# Strawberry elk



## flyfisher20 (Aug 5, 2011)

Anybody else getting into the elk thick up by strawberry like I am today?😉


----------



## hazmat (Apr 23, 2009)

flyfisher20 said:


> Anybody else getting into the elk thick up by strawberry like I am today?&#128521;


I was a few weeks ago


----------



## moabxjeeper (Dec 18, 2012)

That's good to hear they're coming back. I hunted up Strawberry in 2011 just before they gave the cow control permits out and we had a hard time finding spikes but I bet we saw close to 100 elk over a weekend of hunting. We didn't go back up there for a few years, but the next time we did we had an incredibly difficult time finding any at all. Not even any big bulls and they used to roam that place.


----------



## hazmat (Apr 23, 2009)

moabxjeeper said:


> That's good to hear they're coming back. I hunted up Strawberry in 2011 just before they gave the cow control permits out and we had a hard time finding spikes but I bet we saw close to 100 elk over a weekend of hunting. We didn't go back up there for a few years, but the next time we did we had an incredibly difficult time finding any at all. Not even any big bulls and they used to roam that place.[/QUOT
> 
> I definitely would not call it a comeback. alot of disgruntled hunters not seeing any elk on public grounds up there still


----------



## Critter (Mar 20, 2010)

A few of the fires could of gotten that many elk grouped up.


----------



## gdog (Sep 13, 2007)

Hunted 3 days on Currant Creek side last week and saw 0 elk. Going back up tomorrow, to hopefully put eyes on something.


----------



## flyfisher20 (Aug 5, 2011)

I wish I was getting into the elk thick, but I didn't. Sarcasm doesn't come through on posts sometimes. We did see a herd of 15 with a nice 6x6 pushing his cows around like crazy, but no other elk to be found. Actually found very few tracks in the snow that fell last week as well. Was also surprised with the low amount of deer we saw. However, I know that by the 2nd weekend of the general rifle elk hunt it largely becomes a large matter of luck anyways.
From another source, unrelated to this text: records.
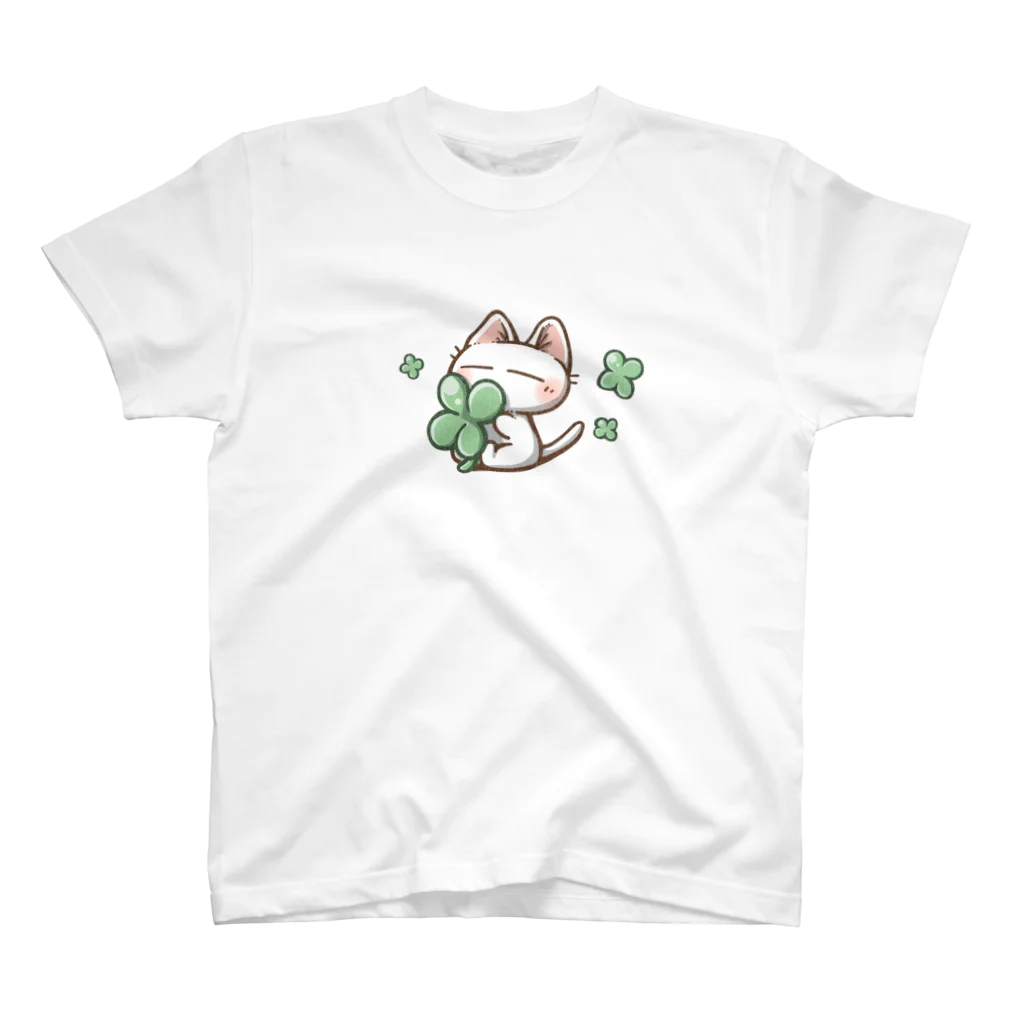 ねこ猫屋さんの白猫さんとクローバー Regular Fit T-Shirt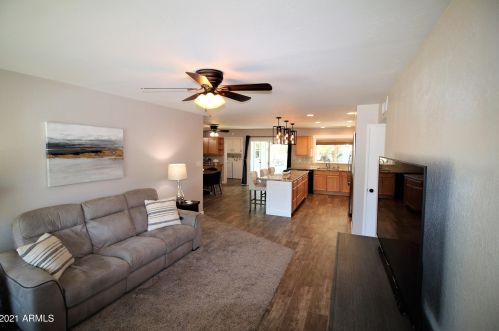 9446 16th St, Phoenix, AZ 85020-2221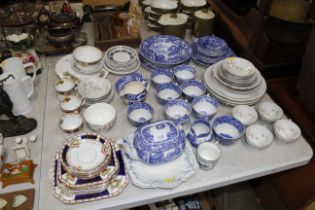 A quantity of Copeland Spode Italian blue and whit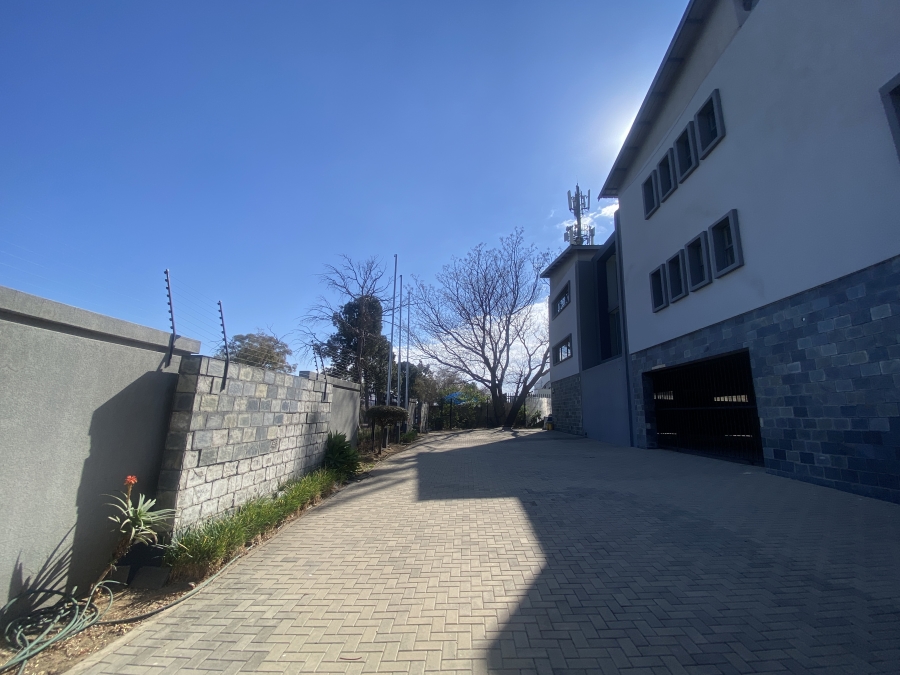 Commercial Property for Sale in Halfway House Gauteng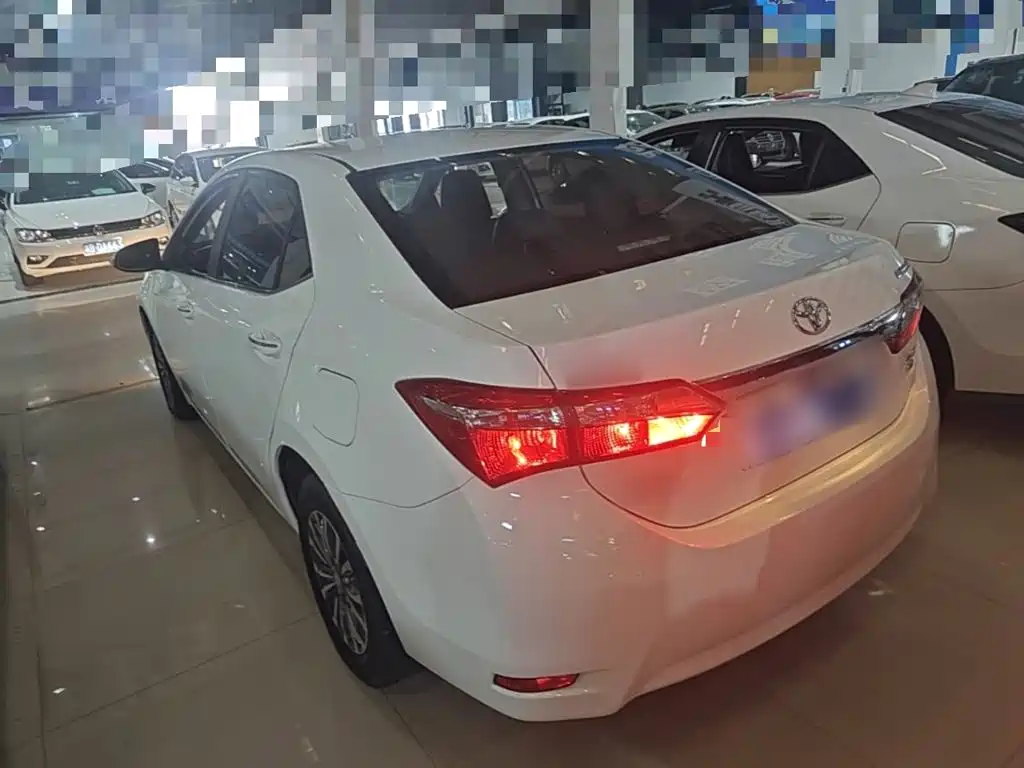 Toyota Corolla — миниатюра 5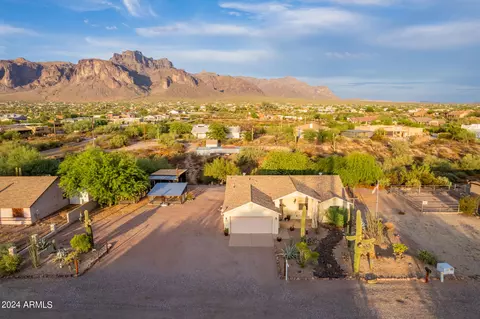 View/Area - 735 N Arroya Rd, Apache Junction, AZ 85119 photo 1 of 12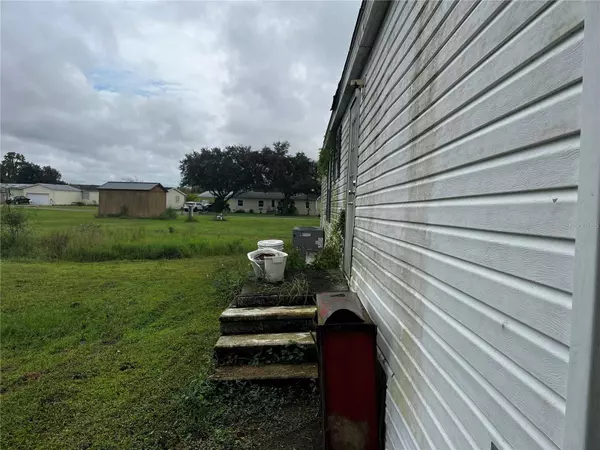 9134 WOOD TERRACE DR, Tampa, FL 33637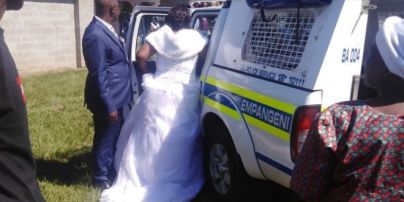В ЮАР за нарушение карантина арестовали целую свадьбу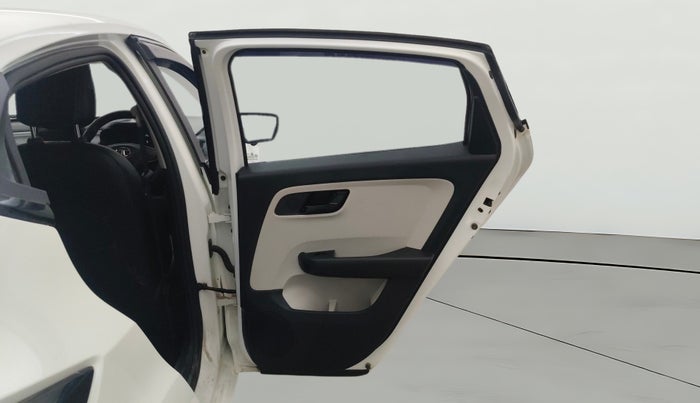 2023 Tata ALTROZ XT PETROL, Petrol, Manual, 15,498 km, RHS Rear Door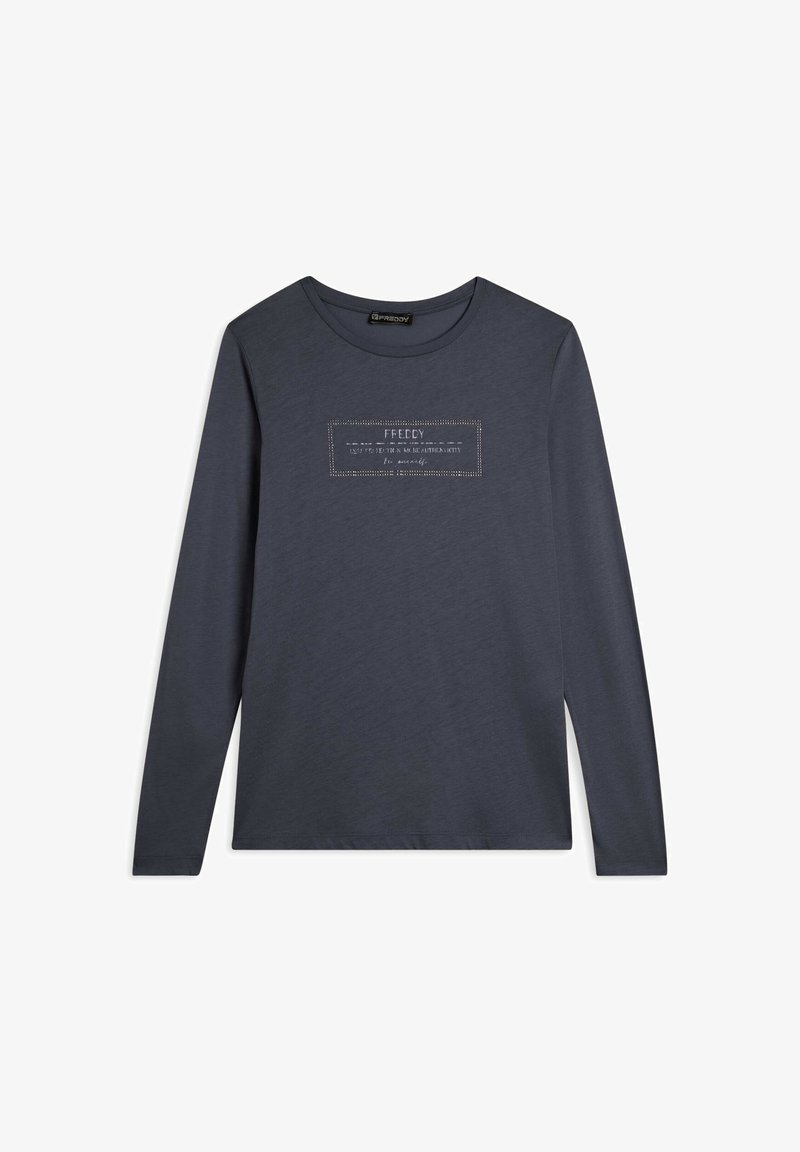 Camiseta de manga larga color azul marino hecha de tela suave. Presenta un estampado rectangular con texto en blanco y pequeños acentos de tachuelas en la parte delantera.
Unfortunately didn't get to get up there the first week due to a health scare with my daughter. I guess the spike tag can go in the fireplace this year.


----------



## cdbright (Aug 24, 2016)

i am just going to start paying out the ass for a CMWU tag or hunt out of state. Hunted my ass off all year and didn't see 1 **** elk. North slop, south slope, water, 10,00 ,feet, 7,00 feet, dry, wet early, late , hot , cold????????????????

Maybe i just suck at ELk hunting. Can call them in before season, watch them all summer, track them , see them all the time except when i tag is in my pocket. everything changes so much with 237,974,479 people on the mountain and SBSs and 4-wheelers racing all over it seems impossible. 
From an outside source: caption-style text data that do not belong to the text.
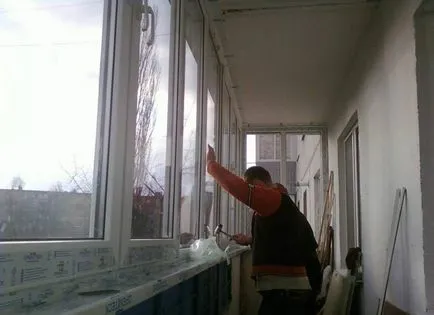Cum să glazura un geam balcon cu mâinile lor pe cont propriu de la zero, video și instalarea de balcoane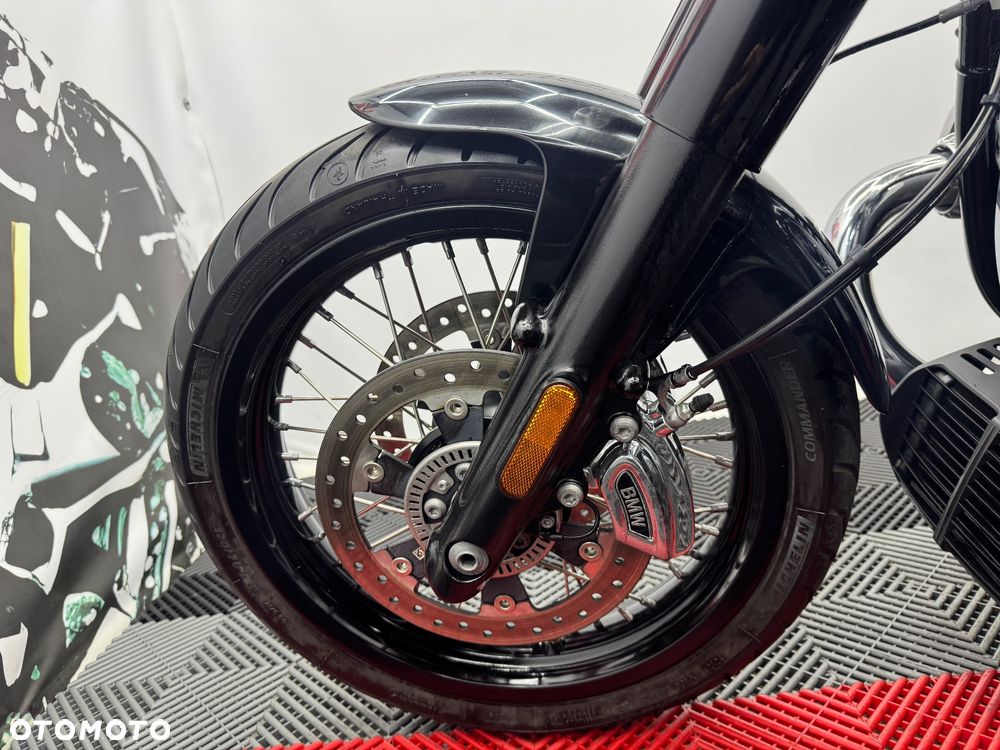 BMW R - 8
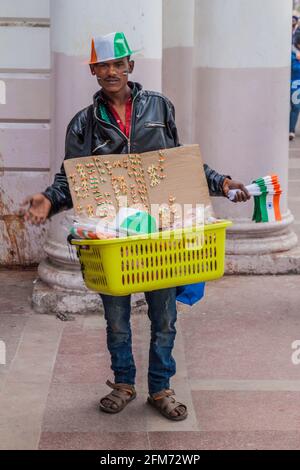 DELHI, INDIEN - 24. JANUAR 2017: Straßenverkäufer von indischen Flaggen und patriotischen Gegenständen am Connaught Place in Delhi. Am nächsten Tag, dem 26. Januar, ist ein nationales ho Stockfoto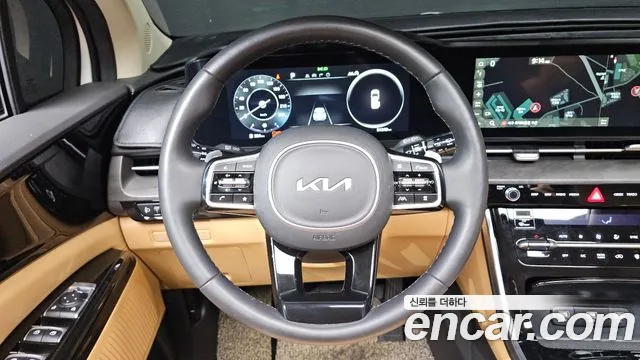 Kia Carnival — фото 13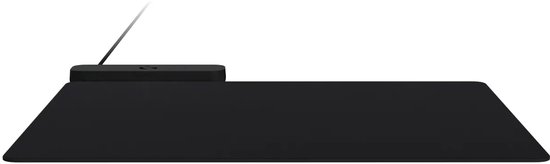 Rechthoekige zwarte muismat met een Logitech G-oplaadstation aan de bovenzijde en een kabel.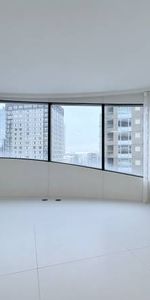 "The Butterfly" Luxury Apartment, 2 bed+2 bath for Rent - Photo 4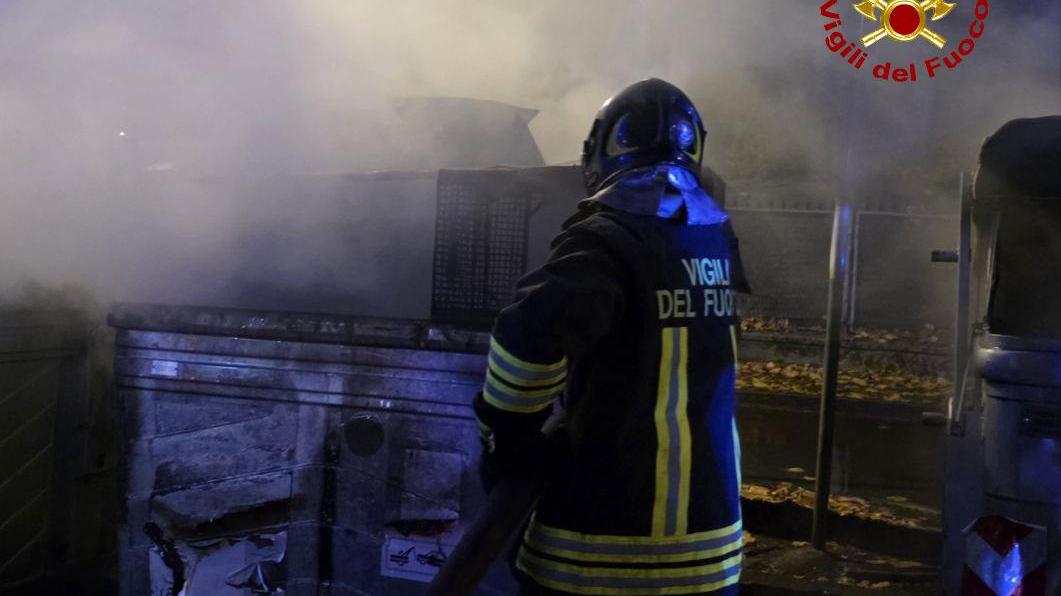 Quaranta cassonetti dati alle fiamme in poche settimane: cosa sta succedendo in zona stazione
Just ranting, all done :mrgreen::mrgreen:


----------



## CPAjeff (Dec 20, 2014)

cdbright said:


> North slop, south slope, water, 10,00 ,feet, 7,00 feet, dry, wet early, late , hot , cold????????????????
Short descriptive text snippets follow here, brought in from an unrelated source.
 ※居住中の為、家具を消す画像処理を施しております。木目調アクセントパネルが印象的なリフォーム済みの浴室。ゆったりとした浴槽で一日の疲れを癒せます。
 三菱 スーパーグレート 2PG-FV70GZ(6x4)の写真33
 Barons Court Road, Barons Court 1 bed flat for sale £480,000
Well that's your problem right there, you need to get higher - there aren't any elk at 10 feet or 7 feet - multiply that number by 1000 and you should find elk!

;-):mrgreen:


----------



## DallanC (Jan 13, 2009)

CPAjeff said:


> Well that's your problem right there, you need to get higher - there aren't any elk at 10 feet or 7 feet - multiply that number by 1000 and you should find elk!
> 
> ;-):mrgreen:


Santa Rosa Island elk? Not huntable of course, but they are right at sea level... lol

-DallanC


----------



## Springville Shooter (Oct 15, 2010)

Yep....I’ve seen Roosevelt’s elk wading in the surf.———SS


----------



## Raven_6 (Sep 10, 2017)

I feel ya brother! Ive hoofed all over Utah these past 2 weeks and haven't seen 1 elk!! Plenty of deer though.



cdbright said:


> i am just going to start paying out the ass for a CMWU tag or hunt out of state. Hunted my ass off all year and didn't see 1 **** elk. North slop, south slope, water, 10,00 ,feet, 7,00 feet, dry, wet early, late , hot , cold????????????????
> 
> Maybe i just suck at ELk hunting. Can call them in before season, watch them all summer, track them , see them all the time except when i tag is in my pocket. everything changes so much with 237,974,479 people on the mountain and SBSs and 4-wheelers racing all over it seems impossible.
> 
> Just ranting, all done :mrgreen::mrgreen:


----------



## MadHunter (Nov 17, 2009)

I went up south of Renegade point while the fires were still raging and didn't see any elk. Someone here on the forum said there were a lot of elk on the mountain east of renegade. A few days later a friend of mine told me he ran into very large herds (several of herds between 50 and 100+) on the Currant Creek side. He gathered they moved that way because of the fires.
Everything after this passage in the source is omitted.